Androgen receptor enhances the efficacy of sorafenib against hepatocellular carcinoma through enriched EpCAM stemness

Background/Aim: The role of androgen receptor (AR) in hepatocellular carcinoma (HCC) development is controversial. Therefore, the translational value of targeting AR in HCC is unknown. Sorafenib, a multiple kinase inhibitor, is the standard therapy for patients with unresectable HCC. This study investigated sorafenib effect on AR in experimental models of HCC. Material and Methods: AR cDNA was introduced into HCC cells and in vitro cell growth and in vivo tumor growth were measured. Sphere cells, as well as epithelial cell adhesion molecule-positive (EpCAM+) and CD133+ cells were isolated from HCC cells with/without AR expression to observe in vitro/in vivo effects. Liver specific AR knockout in mouse models of spontaneous HCC (carcinogen-induced and hepatitis B virus-related HCC) was also implemented to examine gene expression. HCC cells/tumors were treated with sorafenib in order to determine effects on tumor growth and related gene expression. Result: AR cDNA increased transactivation function, increased colony/sphere-forming activities, and enhanced tumorigenicity in HCC cells compared to their parental cells.
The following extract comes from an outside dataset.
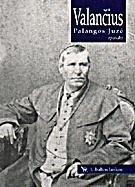 Palangos Juzė (Paperback)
Expression of the stemness marker EpCAM was also dramatically increased. In carcinogen-and HBV-induced HCC models, EpCAM+ cells were significantly reduced in AR-knockout mice compared to wild-type HCCs. In addition, AR reduced sorafenib-related signals, e.g. extracellular-regulated kinase, AKT serine/threonine kinase 1, and p38 mitogen-activated protein kinase, compared to that in parental cells. Regarding sorafenib cytotoxicity, AR-expressing cells were vulnerable to treatment. Moreover, the half maximalinhibitory concentration (IC50) was drastically lowered in AR⁺/EpCAM⁺ compared to AR^-/EpCAM^- sphere cells. Strikingly, the IC50. in AR⁺/CD133+ vs. AR^-/CD133+ cells were similar. Moreover, sorafenib robustly suppressed tumor growth in implanted AR⁺/EpCAM⁺ cells but not AR^-/EpCAM^- ones. Finally, bioinformatics analyses revealed EpCAM to be a prognostic biomarker in Asian and non-alcohol-consuming patients with HCC, suggesting suitability of a sorafenib regimen for such patients. Conclusion: AR⁺/EpCAM⁺ may be a marker of responsiveness to sorafenib for patients with HCC. Prospective surveys associating AR/EpCAM expression with therapy outcomes are essential.